The term appears to have been introduced into schools in 2014, so GenZ (born 1995-2012) should have been taught the 5 fundamental/core values.
  • Democracy
  • The Rule of Law
  • Individual Liberty
  • Mutual Respect
  • Tolerance of Different Faiths and Beliefs
Seems a reasonable idea on the face of it, but why is this a school subject? Children should be taught good behaviour by parents, family, and community, and that's what's not happening these days (apparently) because (perhaps) both children and family spend more time interacting with their phones than each other. Delegating this to schools results in it becoming ideology rather than common decency, and politicised.

All the above are OK as they stand, but they have been inflated by the liberal left to imply that "tolerance" now means "bend over backwards to accommodate". I don't see the vociferous gay/transgender lobbyists giving much respect or tolerance to my views and beliefs!

Have you ever been tut-tutted for (eg) continuing a phone conversation at 11am on 11th November?
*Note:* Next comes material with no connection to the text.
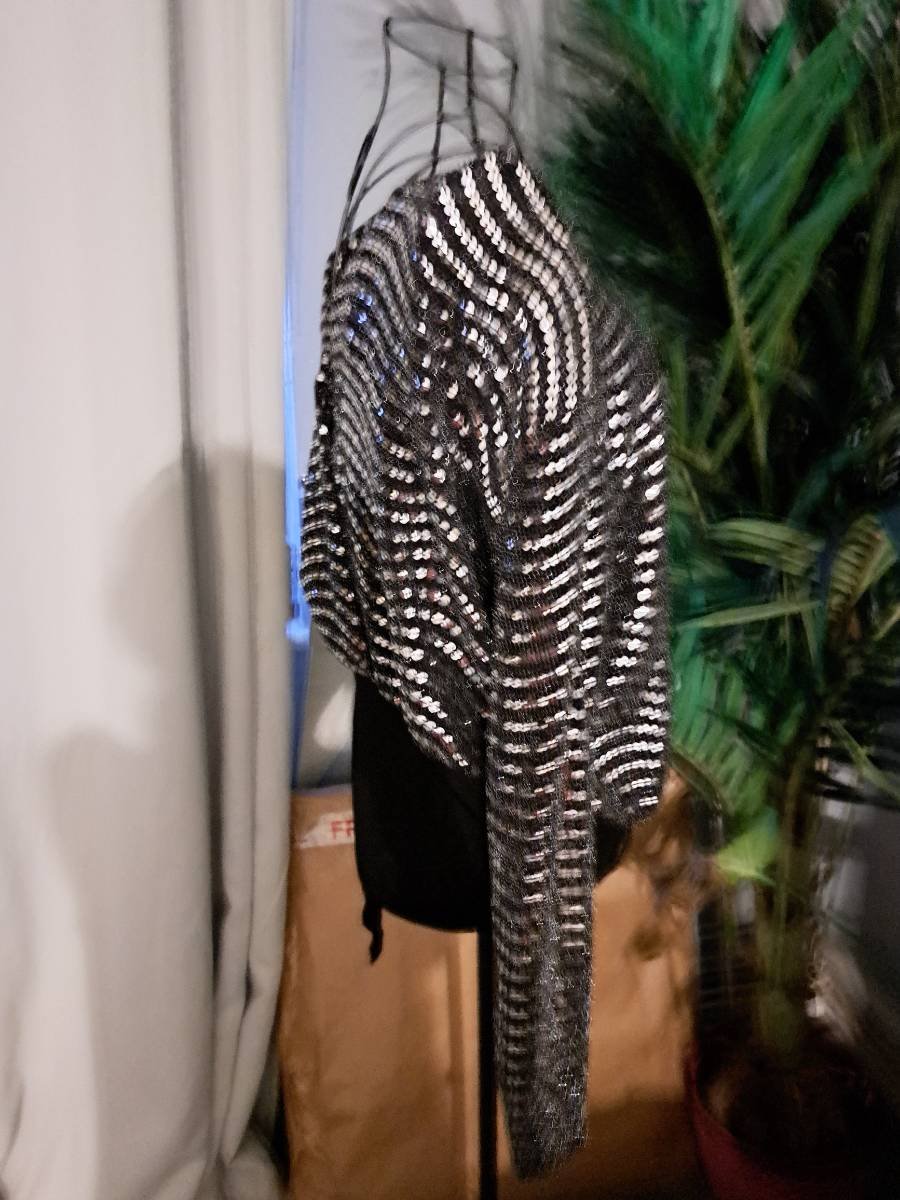 Sparkling evening top size 16 to 18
How tolerant is that? I'll do my remembrance on the appropriate Sunday, thank you very much.

Don't "British Values" include such things as table manners, queueing, not littering, respect for other's personal property, doing the right thing even when there's nobody looking? All these could come under the headings above, but if they are being taught properly why are GenZ not subscribing to them? Rhetorical, because I know why: their parents were not taught those things, and their parents were raised in the let-it-all-hang-out-encourage-freedom-of-expression '60's/'70's.

Or they've come in from elsewhere without those traditions, which is why I think it is important to underline them.

Also, people behave badly when they are not overseen by their community (witness the behaviour of Brits abroad). Incomers are leaving their overseeing communities behind.
 
witness the behaviour of Brits abroad
Some Brits abroad. I've always behaved myself when abroad (and not because the Polizei carry guns).
Have you ever been tut-tutted for (eg) continuing a phone conversation at 11am on 11th November? How tolerant is that? I'll do my remembrance on the appropriate Sunday, thank you very much.
No I haven't.
Some people don't do the right thing when people are watching! Would you come back early from D-Day commemorations?
were raised in the let-it-all-hang-out-encourage-freedom-of-expression '60's/'70's.
I must have missed out on that!
 
Really? I count French involvement in all four of them. I suppose you might argue about what counts as Great Britain over those historical periods.
Hastings and Agincourt were England vs France, no debate about that. Great Britain is the geographical largest island ie includes Scotland.